[EXERCISE DESCRIPTION] Print only the lines below from the one with "Ornate hourglass — Golden Crown" to the one with "IZOD Golf Shirt", both included, exactly as they stand. Leave pictures out.

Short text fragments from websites
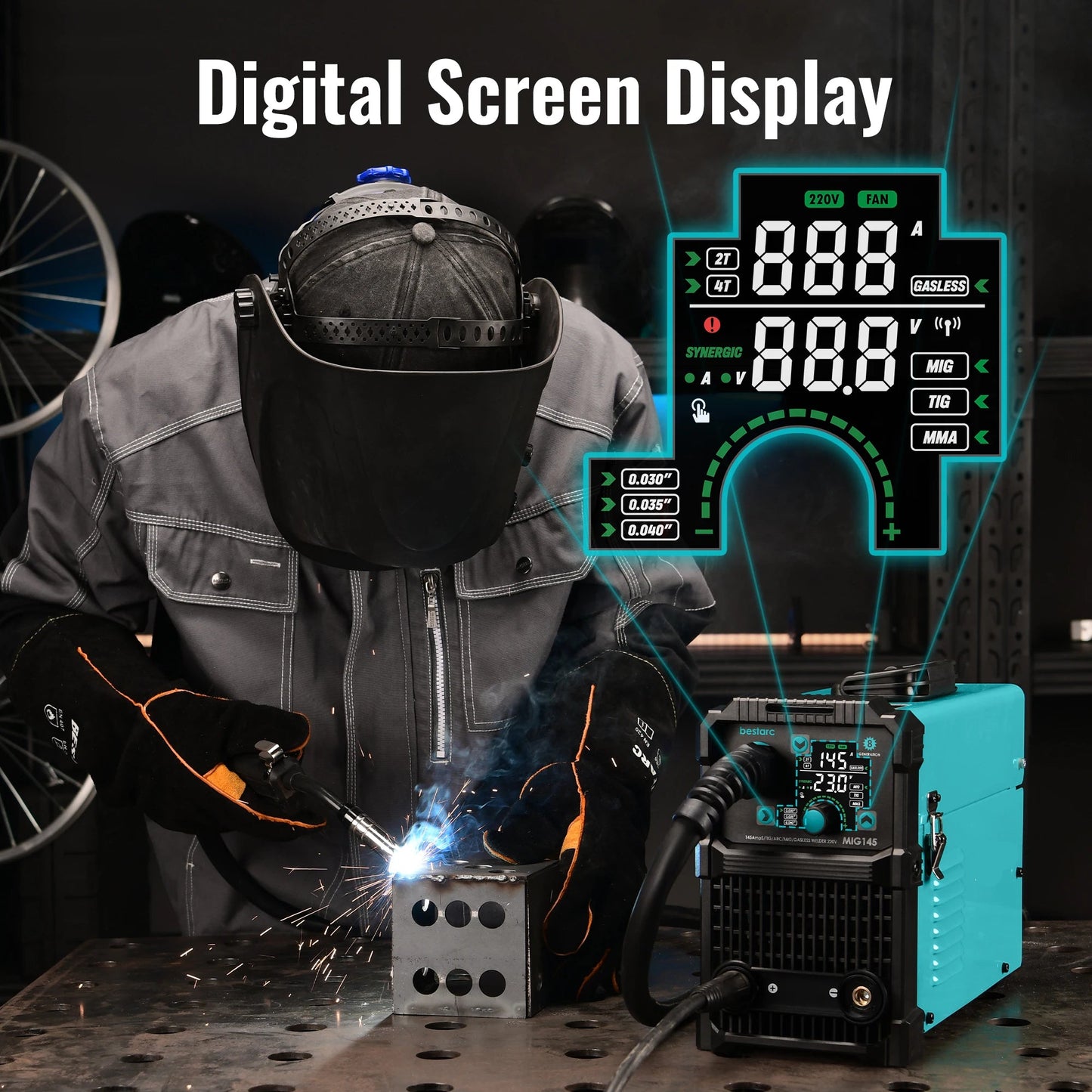 Elektrode Lasmachine - Lasmachine - Lasapparaat - Digitaal Inverterlassen - Draagbare - MIG - Lift TIG - Stick - Digitaal Display - 220V eenfasespanning - Blauw - QUORE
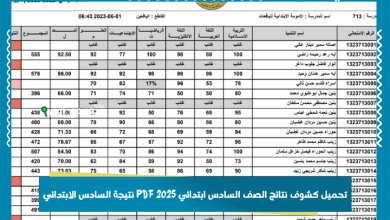 تحميل كشوف نتائج الصف السادس ابتدائي 2025 PDF نتيجة السادس الابتدائي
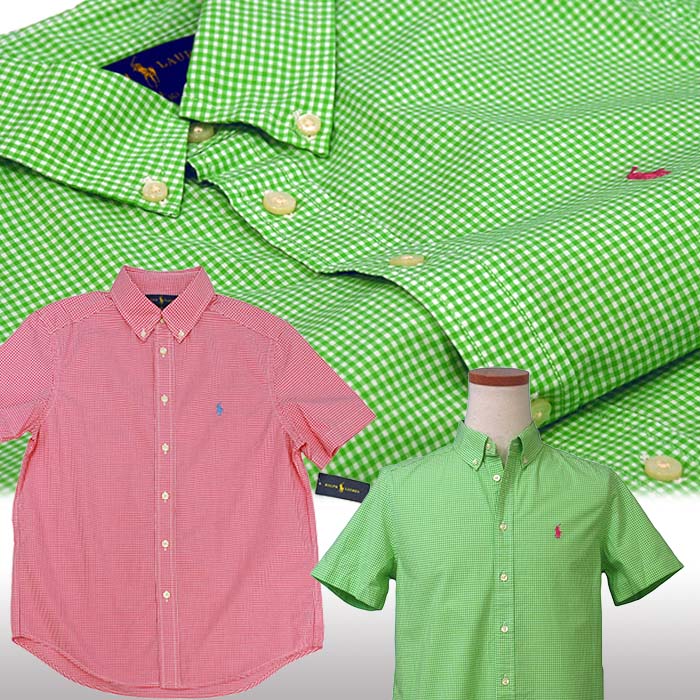 ラルフローレン Boy's半袖ギンガムチェックシャツ 半袖 カジュアルシャツ ボーイズ ポロ、Ｔシャツの店チープトック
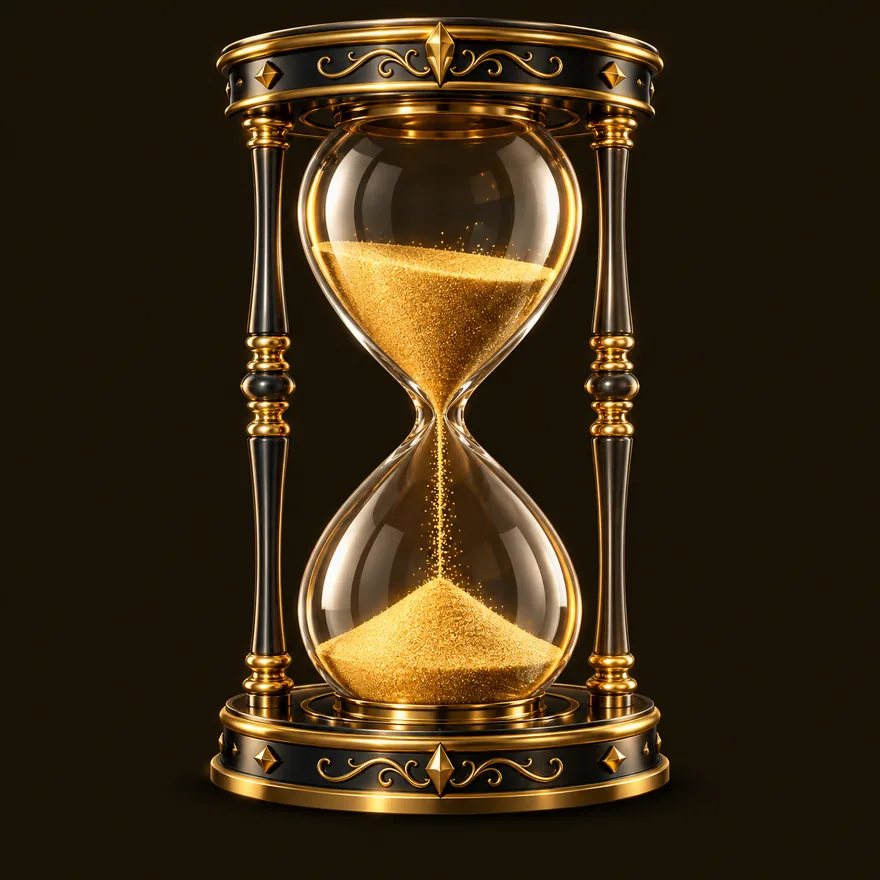 Ornate hourglass — Golden Crown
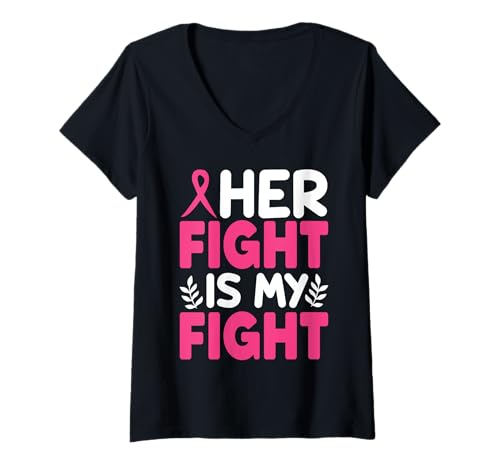 Damen Brustkrebsbewusstsein Mutter Tochter Schwester Frau Freunde T-Shirt mit V-Ausschnitt von Hope In Pink Apparel.USA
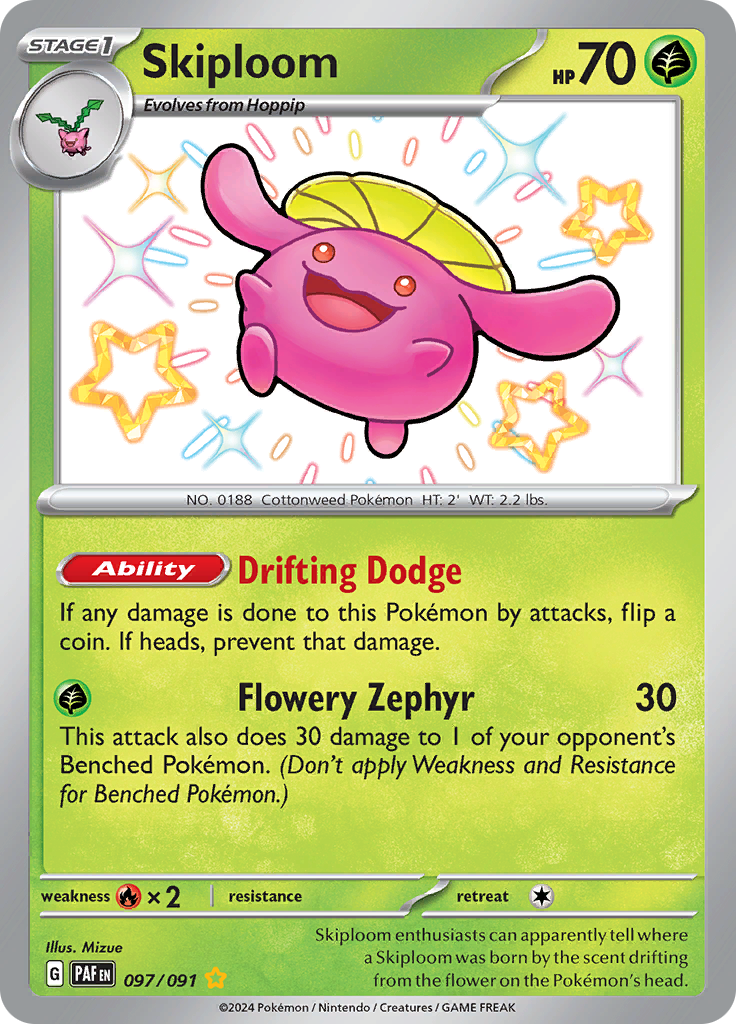 Skiploom - #97/91 - Pokémon Scarlet & Violet - Paldean Fates
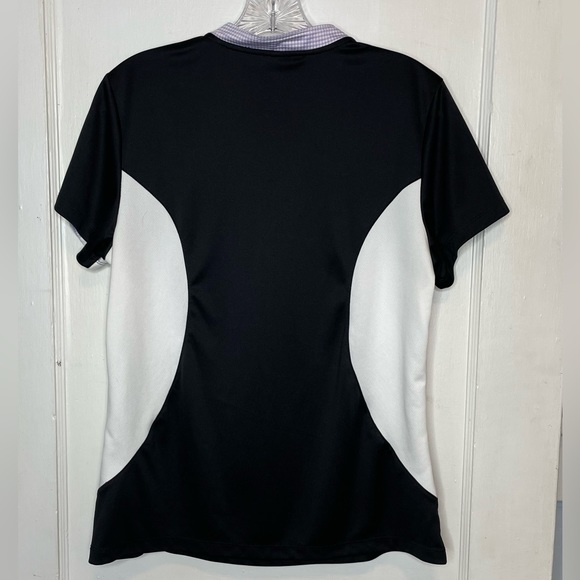 IZOD Golf Shirt Cool Fx Quarter Zip Short Sleeve Black Purple White Sz L - Picture 2 of 5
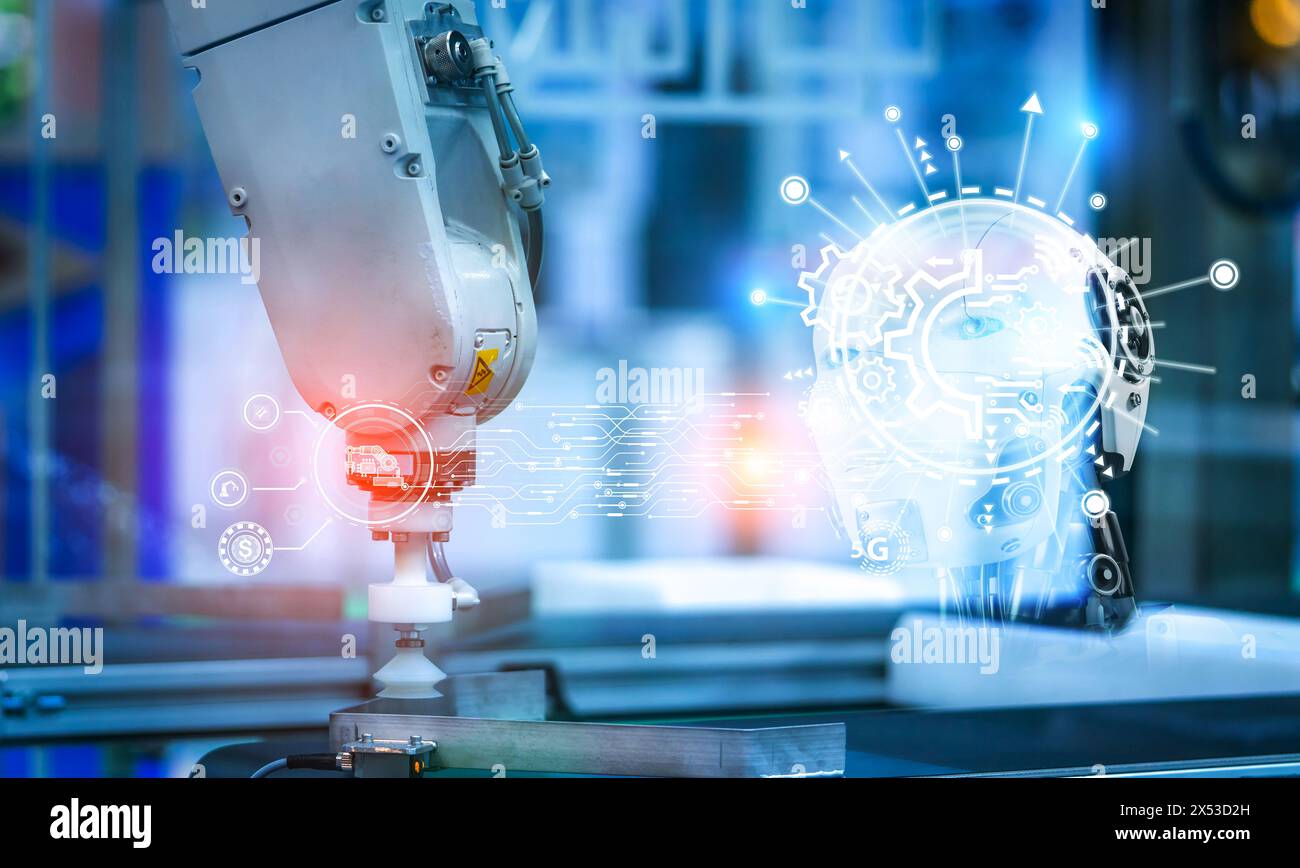 Controllo della macchina manuale robotizzata da parte dell'IA nell'industria manifatturiera. Automazione basata SULL'INTELLIGENZA ARTIFICIALE. Braccio robotico automatico in fabbrica. Controllo DELL'INTELLIGENZA ARTIFICIALE per un'intelligenza Foto Stock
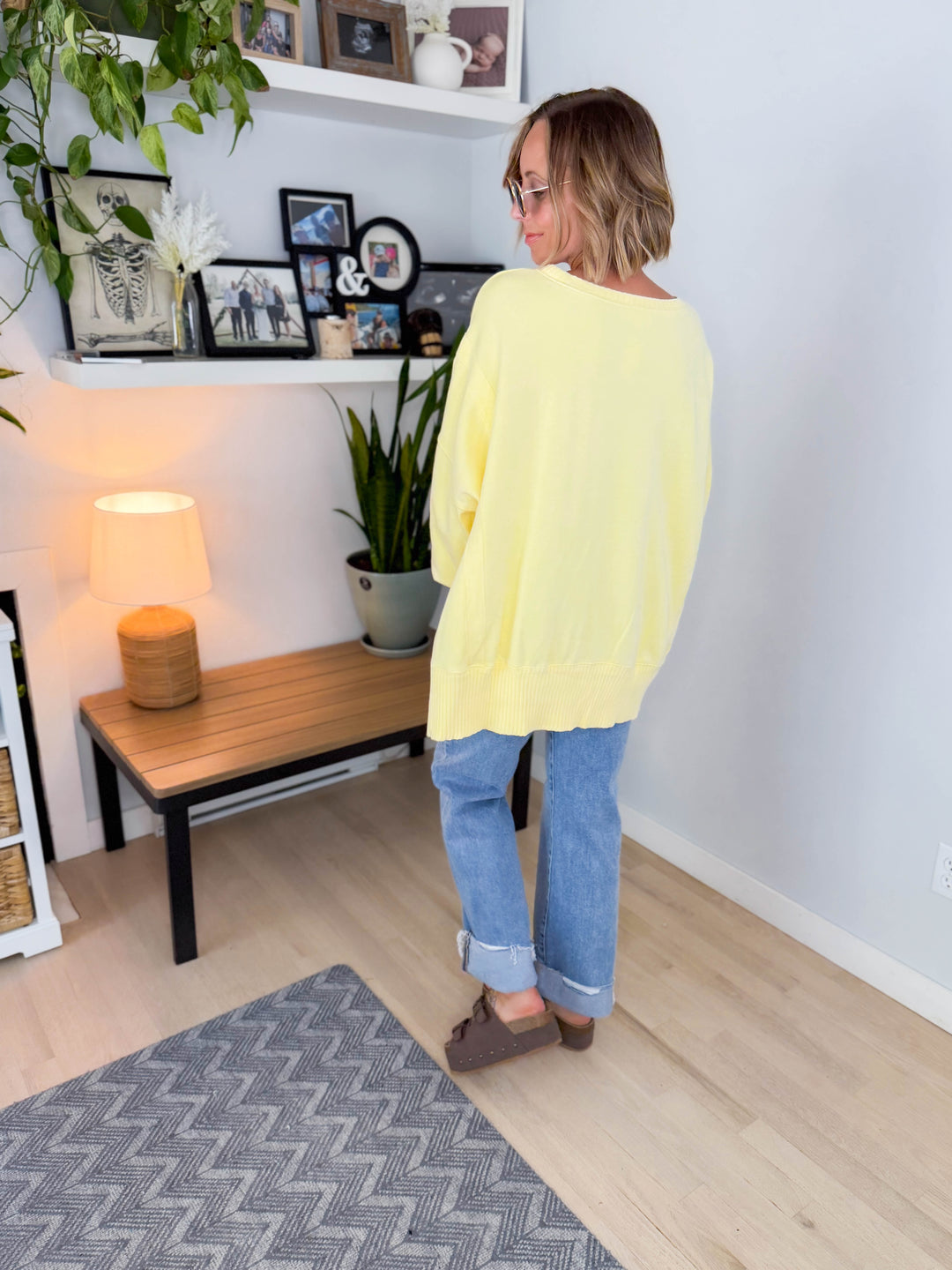 Bayview Oversized Mineral Washed Pullover- LIGHT YELLOW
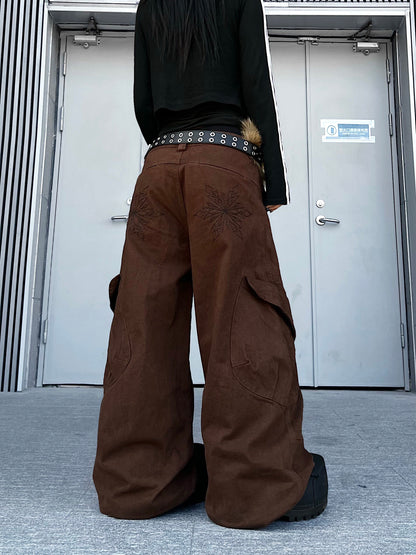 Multi Pocket Panel Wide Leg Cargo Pants WN24170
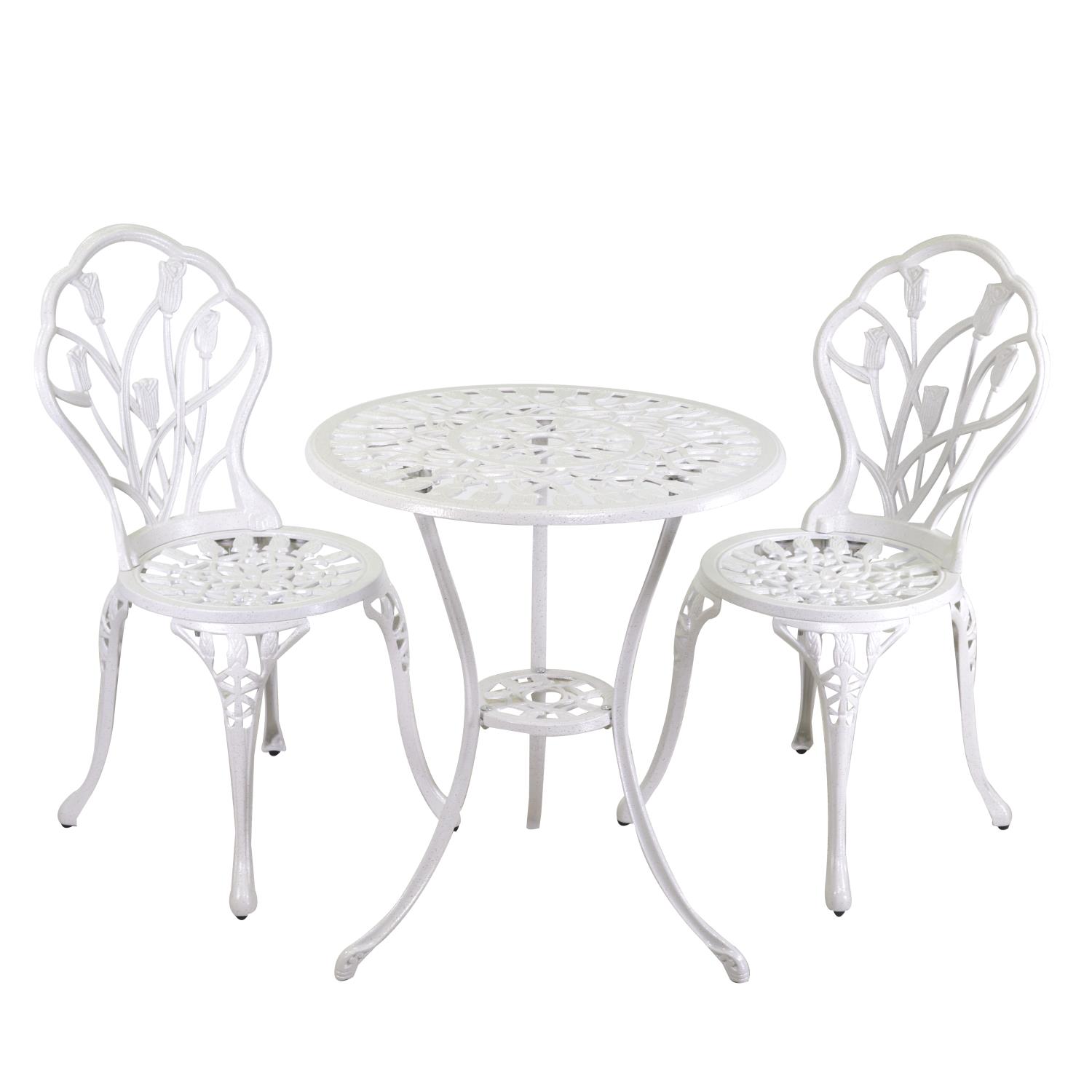 Tavolo rotondo in alluminio pressofuso Parma bianco con 2 sedie  - Vacchetti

[EXPECTED ANSWER]
 Ornate hourglass — Golden Crown
 Damen Brustkrebsbewusstsein Mutter Tochter Schwester Frau Freunde T-Shirt mit V-Ausschnitt von Hope In Pink Apparel.USA
 Skiploom - #97/91 - Pokémon Scarlet & Violet - Paldean Fates
 IZOD Golf Shirt Cool Fx Quarter Zip Short Sleeve Black Purple White Sz L - Picture 2 of 5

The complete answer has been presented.